A revealing, forward-looking examination of the outsize influence Google has had on the changing media Landscape.There are companies that create waves and those that ride or are drowned by them. As only he can, bestselling author Ken Auletta takes readers for a ride on the Google wave, telling the story of how it formed and crashed into traditional media businesses-from newspapers to books, to television, to movies, to telephones, to advertising, to Microsoft. With unprecedented access to Google’s founders and executives, as well as to those in media who are struggling to keep their heads above water, Auletta reveals how the industry is being disrupted and redefined.
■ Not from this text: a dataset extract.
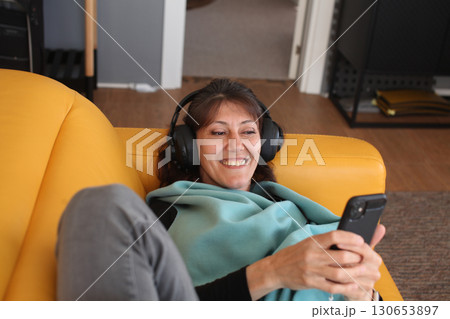 an adult woman listening music at her home in headphones, lifestyle people 130653897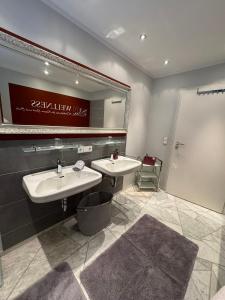 une salle de bain avec deux lavabos et un grand miroir dans l'établissement Baden-Chalet, à Brombach 26 autres photos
Using Google as a stand-in for the digital revolution, Auletta takes readers inside Google’s closed-door meetings and paints portraits of Google’s notoriously private founders, Larry Page and Sergey Brin, as well as those who work with-and against-them. In his narrative, Auletta provides the fullest account ever told of Google’s rise, shares the “secret sauce” of Google’s success, and shows why the worlds of “new” and “old” media often communicate as if residents of different planets.

Google engineers start from an assumption that the old ways of doing things can be improved and made more efficient, an approach that has yielded remarkable results- Google will generate about $20 billion in advertising revenues this year, or more than the combined prime-time ad revenues of CBS, NBC, ABC, and FOX. And with its ownership of YouTube and its mobile phone and other initiatives, Google CEO Eric Schmidt tells Auletta his company is poised to become the world’s first $100 billion media company. Yet there are many obstacles that threaten Google’s future, and opposition from media companies and government regulators may be the least of these. Google faces internal threats, from its burgeoning size to losing focus to hubris. In coming years, Google’s faith in mathematical formulas and in slide rule logic will be tested, just as it has been on Wall Street.

Distilling the knowledge accrued from a career of covering the media, Auletta will offer insights into what we know, and don’t know, about what the future holds for the imperiled industry.